--- WHAT TO PRODUCE ---
Lines with the word "Handle" are the ones wanted. Copy each of them from the entries below.

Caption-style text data
══════════════════════════════
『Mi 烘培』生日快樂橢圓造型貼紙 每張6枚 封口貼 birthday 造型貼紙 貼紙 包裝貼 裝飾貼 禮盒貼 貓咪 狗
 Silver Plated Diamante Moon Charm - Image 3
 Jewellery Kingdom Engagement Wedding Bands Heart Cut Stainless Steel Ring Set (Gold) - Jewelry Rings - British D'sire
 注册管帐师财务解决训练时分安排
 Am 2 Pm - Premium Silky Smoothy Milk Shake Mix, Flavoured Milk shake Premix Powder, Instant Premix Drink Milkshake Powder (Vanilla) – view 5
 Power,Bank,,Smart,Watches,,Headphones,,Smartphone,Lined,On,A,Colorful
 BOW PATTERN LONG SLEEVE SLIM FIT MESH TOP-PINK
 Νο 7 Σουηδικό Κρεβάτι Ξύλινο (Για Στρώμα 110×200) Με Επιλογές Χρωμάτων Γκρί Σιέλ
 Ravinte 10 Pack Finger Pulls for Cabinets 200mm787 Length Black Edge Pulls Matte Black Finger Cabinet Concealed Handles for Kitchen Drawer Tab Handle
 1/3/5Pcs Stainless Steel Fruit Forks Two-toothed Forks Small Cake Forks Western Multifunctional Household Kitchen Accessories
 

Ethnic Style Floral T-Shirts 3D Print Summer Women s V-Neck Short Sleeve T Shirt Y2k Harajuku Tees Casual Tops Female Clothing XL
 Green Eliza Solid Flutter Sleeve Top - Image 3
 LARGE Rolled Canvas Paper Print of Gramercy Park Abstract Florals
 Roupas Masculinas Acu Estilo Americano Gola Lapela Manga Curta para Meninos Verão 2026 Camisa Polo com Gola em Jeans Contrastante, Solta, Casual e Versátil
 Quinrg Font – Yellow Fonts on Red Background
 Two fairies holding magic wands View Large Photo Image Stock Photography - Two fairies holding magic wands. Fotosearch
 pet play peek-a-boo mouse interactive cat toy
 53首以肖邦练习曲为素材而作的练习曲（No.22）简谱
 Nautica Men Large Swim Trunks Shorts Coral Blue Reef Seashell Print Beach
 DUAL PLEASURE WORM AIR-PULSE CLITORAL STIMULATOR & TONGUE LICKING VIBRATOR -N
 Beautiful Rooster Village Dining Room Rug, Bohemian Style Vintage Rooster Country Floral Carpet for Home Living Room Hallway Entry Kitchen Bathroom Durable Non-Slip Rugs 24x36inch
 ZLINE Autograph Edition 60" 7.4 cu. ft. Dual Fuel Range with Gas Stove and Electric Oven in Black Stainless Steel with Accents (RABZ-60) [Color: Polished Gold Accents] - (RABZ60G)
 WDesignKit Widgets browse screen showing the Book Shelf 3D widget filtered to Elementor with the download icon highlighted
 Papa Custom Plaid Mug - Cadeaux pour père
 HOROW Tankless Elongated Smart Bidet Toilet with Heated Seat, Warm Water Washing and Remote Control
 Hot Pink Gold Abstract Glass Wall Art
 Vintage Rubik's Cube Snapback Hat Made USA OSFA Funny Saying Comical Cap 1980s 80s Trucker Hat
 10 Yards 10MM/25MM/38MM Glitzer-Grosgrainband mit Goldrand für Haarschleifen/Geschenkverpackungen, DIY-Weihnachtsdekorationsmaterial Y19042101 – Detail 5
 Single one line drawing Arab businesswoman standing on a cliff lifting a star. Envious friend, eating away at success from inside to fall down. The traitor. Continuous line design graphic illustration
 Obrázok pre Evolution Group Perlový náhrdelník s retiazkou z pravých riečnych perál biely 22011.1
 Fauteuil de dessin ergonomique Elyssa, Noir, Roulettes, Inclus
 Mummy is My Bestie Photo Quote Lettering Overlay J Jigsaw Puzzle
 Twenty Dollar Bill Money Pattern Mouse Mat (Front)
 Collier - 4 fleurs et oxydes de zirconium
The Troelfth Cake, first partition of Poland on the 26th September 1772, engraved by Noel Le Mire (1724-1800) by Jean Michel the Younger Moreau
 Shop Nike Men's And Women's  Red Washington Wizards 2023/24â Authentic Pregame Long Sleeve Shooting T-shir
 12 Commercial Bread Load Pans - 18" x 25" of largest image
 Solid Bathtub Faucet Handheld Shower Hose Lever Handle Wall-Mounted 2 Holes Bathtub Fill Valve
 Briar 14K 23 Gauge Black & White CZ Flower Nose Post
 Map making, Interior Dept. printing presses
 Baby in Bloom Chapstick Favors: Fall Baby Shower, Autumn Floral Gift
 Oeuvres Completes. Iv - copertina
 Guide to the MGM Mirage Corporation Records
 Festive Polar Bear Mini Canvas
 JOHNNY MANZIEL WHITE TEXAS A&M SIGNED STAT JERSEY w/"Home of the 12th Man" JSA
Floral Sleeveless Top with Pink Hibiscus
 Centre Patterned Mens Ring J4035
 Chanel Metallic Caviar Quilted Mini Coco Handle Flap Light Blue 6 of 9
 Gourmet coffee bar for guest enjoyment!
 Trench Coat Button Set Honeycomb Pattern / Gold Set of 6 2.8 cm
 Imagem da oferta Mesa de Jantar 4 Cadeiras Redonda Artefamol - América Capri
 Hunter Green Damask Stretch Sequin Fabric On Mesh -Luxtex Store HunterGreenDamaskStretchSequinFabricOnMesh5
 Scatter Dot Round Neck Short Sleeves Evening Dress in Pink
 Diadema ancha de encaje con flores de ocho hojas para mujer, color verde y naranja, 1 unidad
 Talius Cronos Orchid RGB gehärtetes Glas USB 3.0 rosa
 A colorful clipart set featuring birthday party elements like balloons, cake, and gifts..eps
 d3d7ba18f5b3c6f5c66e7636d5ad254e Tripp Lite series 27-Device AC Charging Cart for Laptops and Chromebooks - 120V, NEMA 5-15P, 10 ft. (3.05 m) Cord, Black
══════════════════════════════
--- TASK ANSWER ---
 Ravinte 10 Pack Finger Pulls for Cabinets 200mm787 Length Black Edge Pulls Matte Black Finger Cabinet Concealed Handles for Kitchen Drawer Tab Handle
 Solid Bathtub Faucet Handheld Shower Hose Lever Handle Wall-Mounted 2 Holes Bathtub Fill Valve
 Chanel Metallic Caviar Quilted Mini Coco Handle Flap Light Blue 6 of 9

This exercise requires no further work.